[Brief descriptive captions]
----

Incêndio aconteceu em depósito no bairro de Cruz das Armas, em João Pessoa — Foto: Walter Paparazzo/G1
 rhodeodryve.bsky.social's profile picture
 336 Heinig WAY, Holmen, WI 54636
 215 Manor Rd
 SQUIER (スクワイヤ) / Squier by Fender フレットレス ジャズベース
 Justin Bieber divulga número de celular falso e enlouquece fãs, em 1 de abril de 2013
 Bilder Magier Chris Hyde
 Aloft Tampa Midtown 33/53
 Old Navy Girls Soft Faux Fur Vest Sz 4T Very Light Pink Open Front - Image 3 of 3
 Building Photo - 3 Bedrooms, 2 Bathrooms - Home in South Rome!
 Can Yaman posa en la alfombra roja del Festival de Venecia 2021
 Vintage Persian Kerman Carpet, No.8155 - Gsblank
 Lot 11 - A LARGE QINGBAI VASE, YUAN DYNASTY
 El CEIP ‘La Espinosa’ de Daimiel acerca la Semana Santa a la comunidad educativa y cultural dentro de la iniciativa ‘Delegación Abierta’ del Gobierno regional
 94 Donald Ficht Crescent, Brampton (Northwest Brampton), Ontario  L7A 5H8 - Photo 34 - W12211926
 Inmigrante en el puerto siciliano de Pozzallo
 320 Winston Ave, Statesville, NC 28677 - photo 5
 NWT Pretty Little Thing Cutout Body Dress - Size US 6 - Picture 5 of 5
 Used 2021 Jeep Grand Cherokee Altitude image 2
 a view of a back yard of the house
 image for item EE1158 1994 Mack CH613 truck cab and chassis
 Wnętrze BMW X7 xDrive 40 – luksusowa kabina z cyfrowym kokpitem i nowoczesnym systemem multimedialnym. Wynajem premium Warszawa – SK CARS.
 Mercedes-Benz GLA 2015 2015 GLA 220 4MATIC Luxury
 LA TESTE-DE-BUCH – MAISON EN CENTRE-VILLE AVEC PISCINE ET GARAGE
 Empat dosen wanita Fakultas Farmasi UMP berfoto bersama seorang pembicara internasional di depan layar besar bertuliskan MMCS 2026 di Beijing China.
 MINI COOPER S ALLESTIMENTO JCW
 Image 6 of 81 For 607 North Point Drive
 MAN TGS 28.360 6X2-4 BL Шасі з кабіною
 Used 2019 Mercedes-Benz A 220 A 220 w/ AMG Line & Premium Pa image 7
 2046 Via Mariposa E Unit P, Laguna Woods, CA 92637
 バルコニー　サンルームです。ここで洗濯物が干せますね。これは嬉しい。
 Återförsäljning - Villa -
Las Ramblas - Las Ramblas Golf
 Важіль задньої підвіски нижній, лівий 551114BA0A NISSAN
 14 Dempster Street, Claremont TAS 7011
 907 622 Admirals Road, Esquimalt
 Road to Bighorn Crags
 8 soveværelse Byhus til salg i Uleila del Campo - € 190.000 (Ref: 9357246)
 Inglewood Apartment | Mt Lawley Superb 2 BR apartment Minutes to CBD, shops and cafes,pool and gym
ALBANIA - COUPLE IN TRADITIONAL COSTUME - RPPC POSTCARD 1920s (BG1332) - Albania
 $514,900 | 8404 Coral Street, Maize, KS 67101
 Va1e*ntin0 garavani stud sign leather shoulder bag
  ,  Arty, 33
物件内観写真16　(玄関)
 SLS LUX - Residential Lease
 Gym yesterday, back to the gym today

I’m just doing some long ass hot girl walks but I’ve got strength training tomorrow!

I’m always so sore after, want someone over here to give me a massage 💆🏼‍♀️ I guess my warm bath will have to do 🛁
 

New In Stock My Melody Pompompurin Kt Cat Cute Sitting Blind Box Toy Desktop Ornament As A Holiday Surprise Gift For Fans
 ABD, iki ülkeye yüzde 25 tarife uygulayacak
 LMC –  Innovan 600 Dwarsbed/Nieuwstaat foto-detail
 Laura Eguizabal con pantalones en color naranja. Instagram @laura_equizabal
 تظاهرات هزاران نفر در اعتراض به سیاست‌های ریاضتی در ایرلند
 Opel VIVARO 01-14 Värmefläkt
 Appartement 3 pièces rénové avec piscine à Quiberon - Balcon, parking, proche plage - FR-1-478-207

----

WHAT IS NEEDED
Leave out every line above except those from the line with "Used 2021 Jeep" up to and including the line with "Road to Bighorn Crags", and copy those exactly.

RESPONSE
 Used 2021 Jeep Grand Cherokee Altitude image 2
 a view of a back yard of the house
 image for item EE1158 1994 Mack CH613 truck cab and chassis
 Wnętrze BMW X7 xDrive 40 – luksusowa kabina z cyfrowym kokpitem i nowoczesnym systemem multimedialnym. Wynajem premium Warszawa – SK CARS.
 Mercedes-Benz GLA 2015 2015 GLA 220 4MATIC Luxury
 LA TESTE-DE-BUCH – MAISON EN CENTRE-VILLE AVEC PISCINE ET GARAGE
 Empat dosen wanita Fakultas Farmasi UMP berfoto bersama seorang pembicara internasional di depan layar besar bertuliskan MMCS 2026 di Beijing China.
 MINI COOPER S ALLESTIMENTO JCW
 Image 6 of 81 For 607 North Point Drive
 MAN TGS 28.360 6X2-4 BL Шасі з кабіною
 Used 2019 Mercedes-Benz A 220 A 220 w/ AMG Line & Premium Pa image 7
 2046 Via Mariposa E Unit P, Laguna Woods, CA 92637
 バルコニー　サンルームです。ここで洗濯物が干せますね。これは嬉しい。
 Återförsäljning - Villa -
Las Ramblas - Las Ramblas Golf
 Важіль задньої підвіски нижній, лівий 551114BA0A NISSAN
 14 Dempster Street, Claremont TAS 7011
 907 622 Admirals Road, Esquimalt
 Road to Bighorn Crags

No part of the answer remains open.